Poteva il paziente, si è dibattuto in aula, aver preso le chiavi, aperto la porta del bagno e aver riportato le chiavi al suo posto prima di precipitare dalla finestra?. No, secondo i consulenti della difesa. “Un comportamento così organizzato non è compatibile con un paziente affetto da demenza. Qui si è trattato di un impulso di fuga nato dal profondo, un istinto intimo”. Un’ipotesi scartata anche dai consulenti della procura, che tuttavia non hanno respinto del tutto la possibilità che il paziente fosse in grado di prendere le chiavi, di aprire la porta e di chiuderla alle sue spalle. Oppure quella porta era stata lasciata aperta… Ma da chi?. E chi ha visto le chiavi lasciate nella serratura, per poi toglierle e riporle sulla mensola senza chiudere a chiave?. All’epoca non c’erano telecamere. Oggi, invece, la struttura ne è dotata.
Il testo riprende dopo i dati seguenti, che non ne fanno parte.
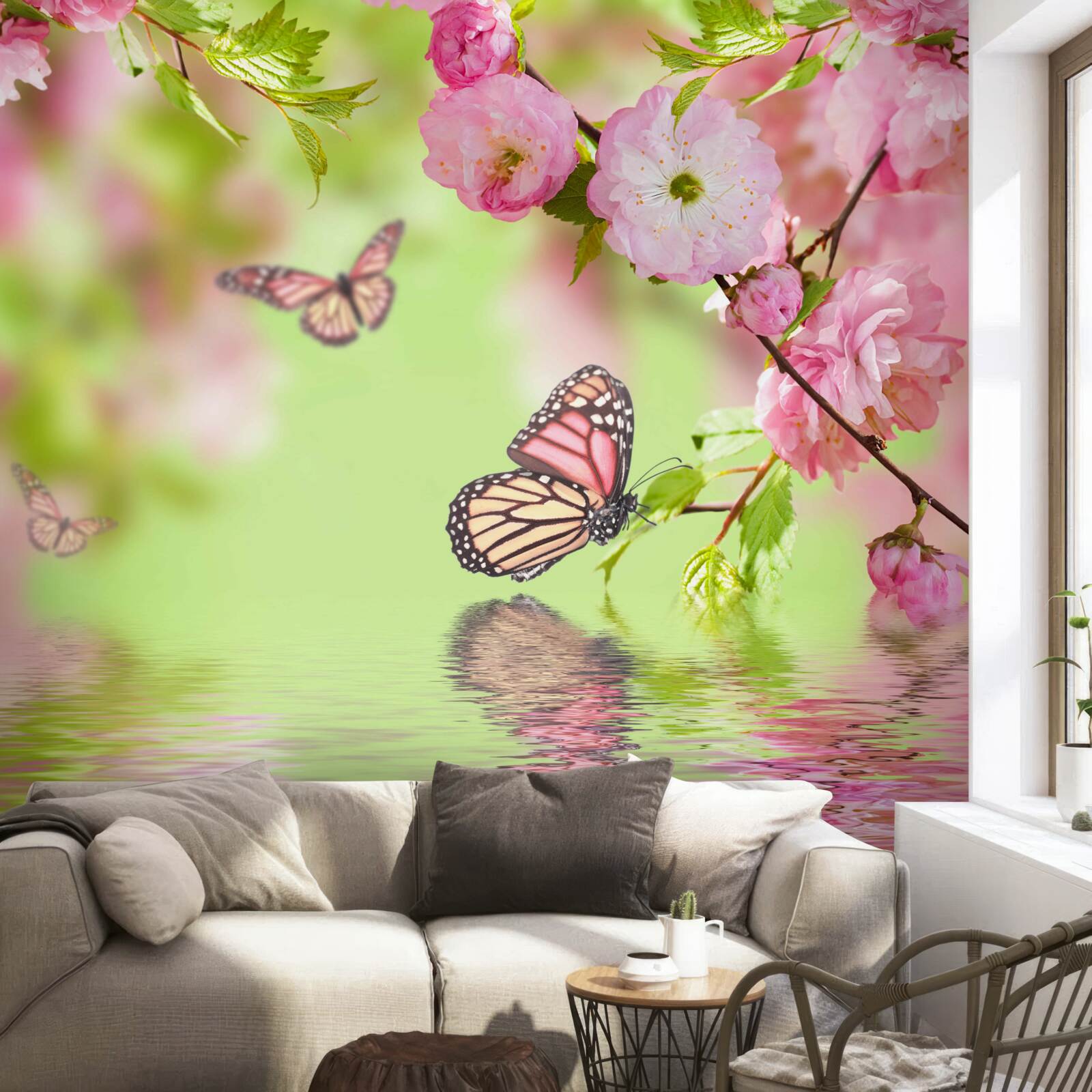 Papier peint des papillons se posent sur un cerisier en fleurs près d'un étang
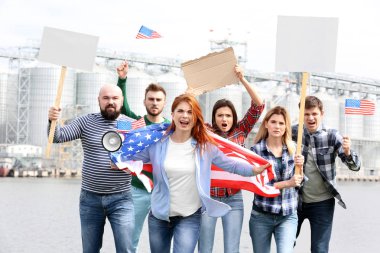 Amerikan bayrağı ve Fabrika arka plan üzerinde gençlerle protesto grubu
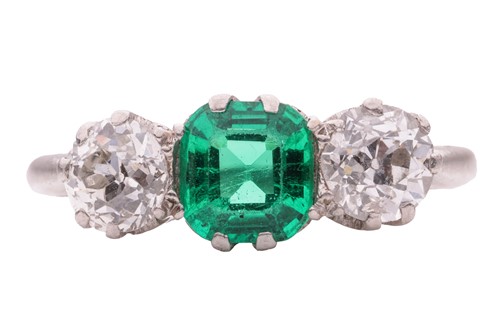 Lot 172 - An emerald and diamond three-stone ring, the...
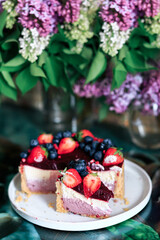 Cheesecake with strawberries and blueberries, close-up, in a rakoze, against a background of lilacs. Vertical orientation.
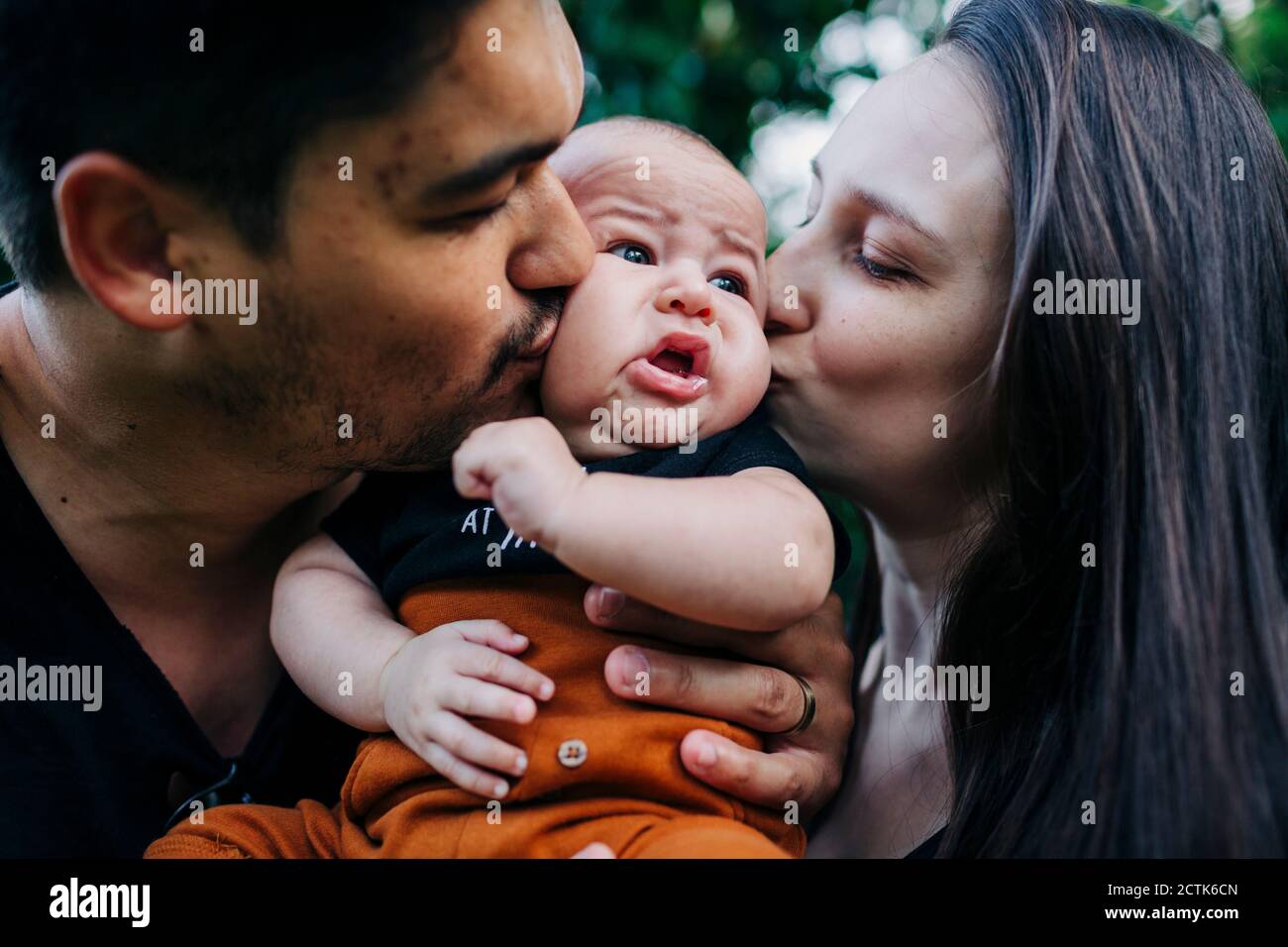 I giovani genitori baciano il figlio del bambino Foto Stock
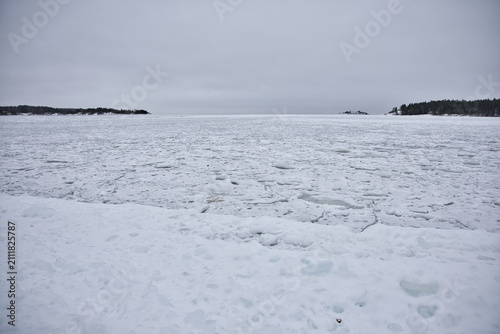 Canvastavla Vast expanse of frozen Lake Vnern near ml, Sweden, featuring a textured surface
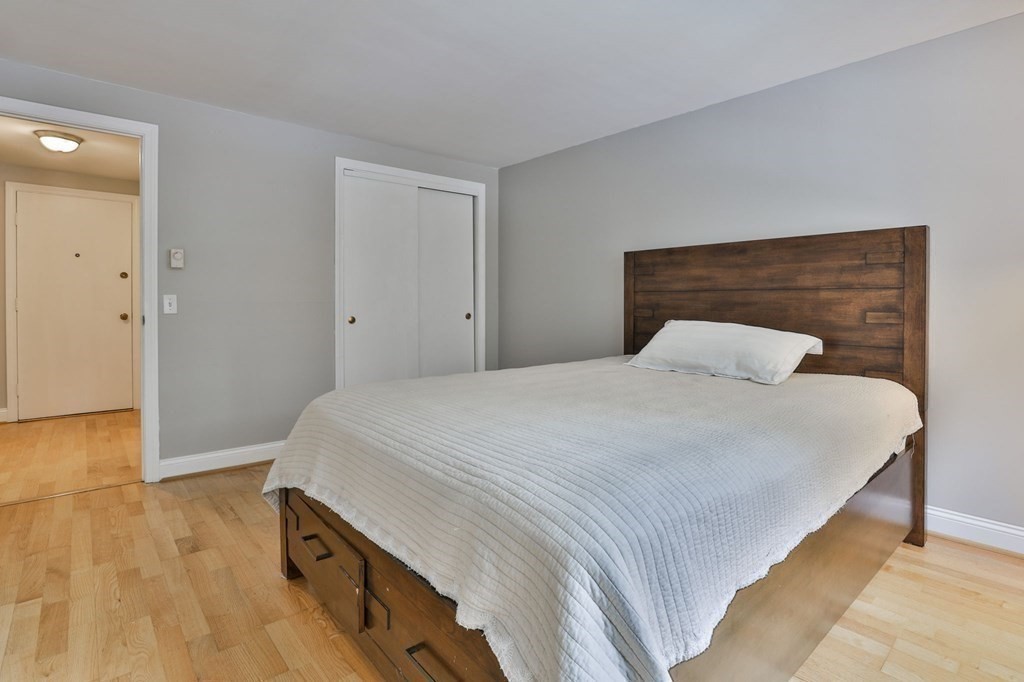 56 Leonard Road, Unit 56 Boxborough, MA 01719 - Photo 18 of 26 a bedroom with a bed and wooden floor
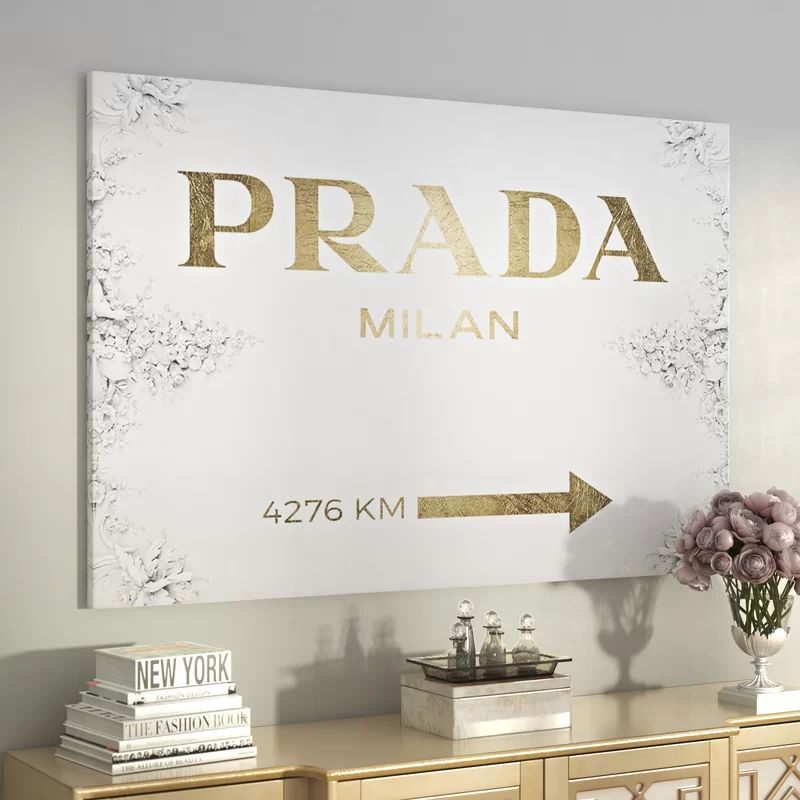 https://www.wayfair.com/decor-pillows/hd0/milan-sign-textual-art-on-wrapped-canvas-in-gold-l1318-k~w | Wayfair North America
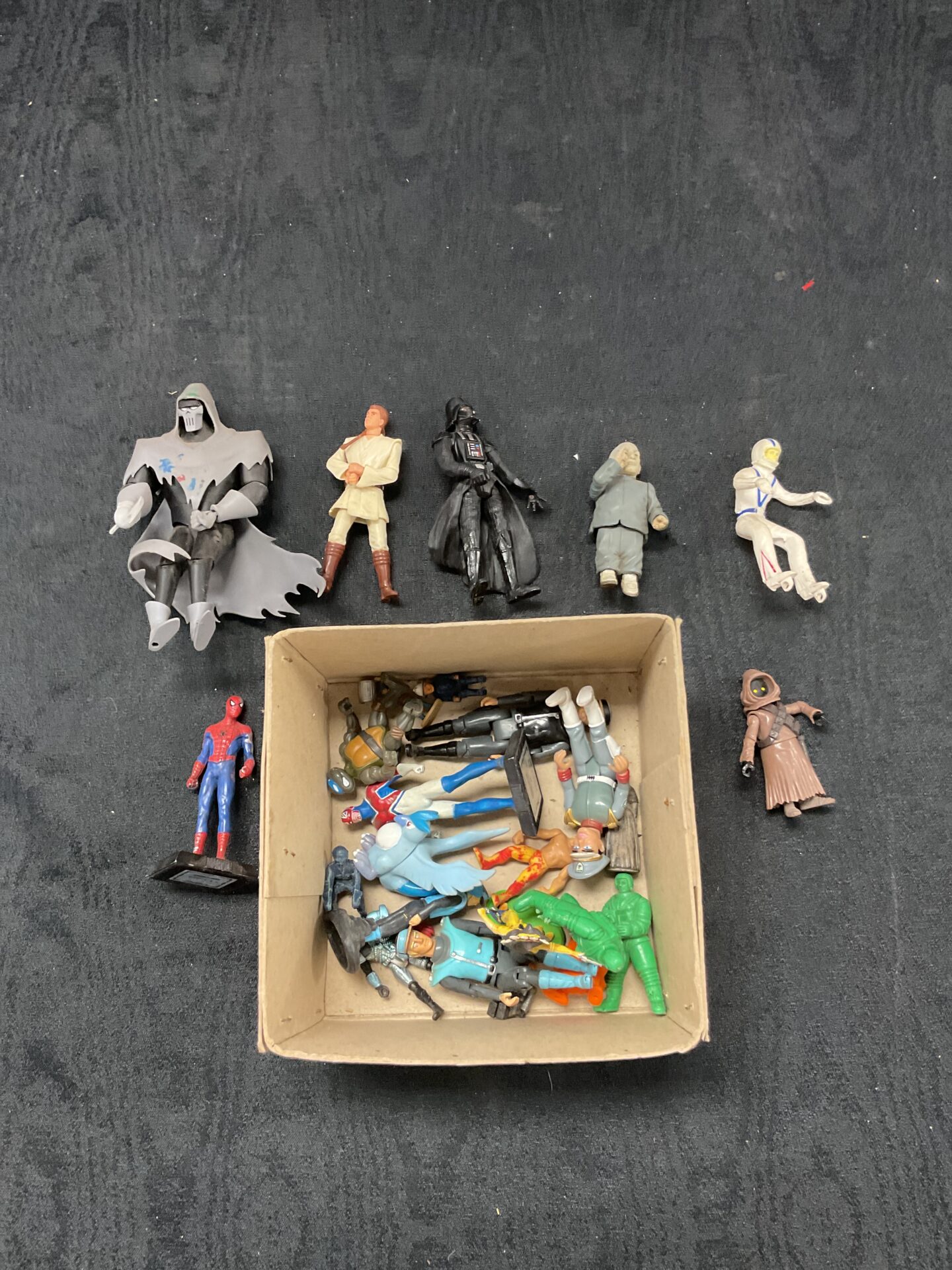 368 Box of toy figures including star wars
Quella mattina, come già avevano raccontato i testimoni presenti nella Rsa, e come hanno ripetuto anche oggi le due imputate, il paziente non si riusciva a trovare. “Lo abbiamo cercato dappertutto. Nelle stanze, nella sala da pranzo, dove poco prima stava mangiando, nel reparto a piano terra e anche all’esterno”. A trovarlo era stata una delle ausiliarie. “Sono andata verso il parcheggio e uscendo ho guardato verso la camera mortuaria. Poi l’ho visto. Era a terra, in corrispondenza del bagno. D’istinto ho guardato in alto e ho visto la zanzariera della finestra rotta“.

L’avvocato Fausto Teti

“Quando sono salita”, ha raccontato oggi una delle imputate, “la porta era chiusa, ma non a chiave, e la chiave era al suo posto sulla mensola“. “Quella porta era sempre chiusa“, ha ricordato l’altra dipendente finita sotto accusa, presente quella mattina nel Nucleo Alzheimer ma che prestava servizio in un altro blocco della struttura. La donna era entrata nel bagno poco prima della tragedia. “Sono sicurissima di aver chiuso a chiave“, ha ricordato.

Oggi si è difeso anche il direttore sanitario che ha ricordato che il paziente, soprattutto dopo aver ricevuto la visita della figlia, il 14 ottobre, aveva cominciato a chiedere di tornare a casa, “anche se non in modo insistente. Stava nella zona della porta e aveva tentato di digitare il codice per uscire”. “Per questo motivo”, ha spiegato l’imputato, “era stato aumentato il livello di sorveglianza dell’ospite. “Ho fatto cambiare il codice alla porta e vietato che uscisse anche a fare una passeggiata. La finestra del bagno assistito era l’unica a non avere la serratura. Ora, invece, è dotata di inferriate”.

Nel processo, i tre imputati sono assistiti dagli avvocati Abdoulaye Mbody e Fausto Teti.

Si torna in aula per gli ultimi testimoni il primo di ottobre. Le conclusioni, invece, sono previste per il 15.